User-defined functions

Understand how to extend Xorq with custom Python functions that work in SQL

Applying complex business rules requires custom logic beyond standard SQL operations and built-in functions. Built-in functions handle sum, filter, and join operations, but not your specific discount calculations. User-defined functions solve this by wrapping your Python logic for both expressions and queries.

What you’ll understand

What user-defined functions are and how they extend Xorq built-in operations for custom functionality
When to use UDFs versus built-in functions based on your performance and functionality requirements for workflows
How to create UDFs using make_pandas_udf by defining functions and specifying schemas for implementation
The trade-offs between extensibility and performance that UDFs involve in production systems and pipelines

What are user-defined functions?

User-defined functions (UDFs) are custom Python functions that work in both Xorq expressions and SQL queries. You write Python code that operates on pandas DataFrames, and Xorq makes it available as a function that executes consistently across different backends. This lets you extend Xorq’s built-in operations with domain-specific logic for custom business rules, API calls, and complex transformations that aren’t built into the system.

import xorq.api as xo
from xorq.expr.udf import make_pandas_udf
import xorq.expr.datatypes as dt

# Define your Python function
def calculate_discount(df):
    import numpy as np
    return np.where(df['is_member'], df['price'] * 0.9, df['price'])

# Wrap as UDF
discount_udf = make_pandas_udf(
    fn=calculate_discount,
    schema=xo.schema({"price": dt.float64, "is_member": dt.boolean}),
    return_type=dt.float64,
    name="calculate_discount"
)

# Use in expressions
result = customers.mutate(
    final_price=discount_udf.on_expr(customers)
)

Why user-defined functions matter

Built-in functions cover common operations like sum, filter, and join. However, every domain has specific logic that doesn’t fit standard operations. Without UDFs, you’d need to extract data to Python, apply your logic, then load it back. This breaks the pipeline and loses optimization opportunities.

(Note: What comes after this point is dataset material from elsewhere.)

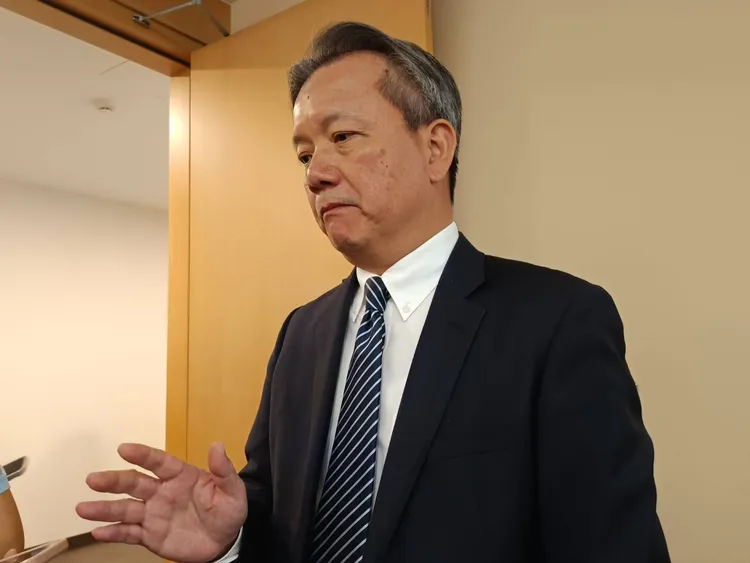 中央再保公司(2851)今召開股東會。總經理鍾志宏今於股東會後受訪表示，每年加薪之外，2026年特別針對基層員工調薪6%至7%。許麗珍攝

This creates three problems:

Pipeline fragmentation slows execution. You can’t express your full computation in one pipeline. You extract data, process in Python, then load back. This requires serializing data to disk or memory, context switching between systems, and potentially losing parallelization. A transformation that could run in-database runs in Python instead, moving gigabytes unnecessarily.

No SQL integration limits collaboration. Your Python logic doesn’t work in SQL queries. Data analysts who prefer SQL can’t use your transformations. They either duplicate your logic in SQL, creating a maintenance burden, or ask you to extract and process data for them, creating bottlenecks.

Lost optimization reduces performance. When you extract data to Python, Xorq can’t optimize the full pipeline. Operations that could push to the database run in Python instead. Filter operations that could eliminate 99% of data happen after extraction, not before. The query optimizer has no visibility into your Python processing.

UDFs solve these by making Python functions first-class operations in Xorq. Your custom logic works in expressions, SQL queries, and across all backends.

How user-defined functions work

UDFs operate in three stages:

Function definition: You write a Python function that takes a pandas DataFrame and returns a Series or scalar. This function contains your custom logic.

UDF wrapping: You wrap the function with make_pandas_udf, specifying the input schema and return type. This creates a UDF constructor.

UDF application: You apply the UDF to expressions using .on_expr(). After registration, UDFs can be used in SQL queries by name. Xorq handles data conversion and execution.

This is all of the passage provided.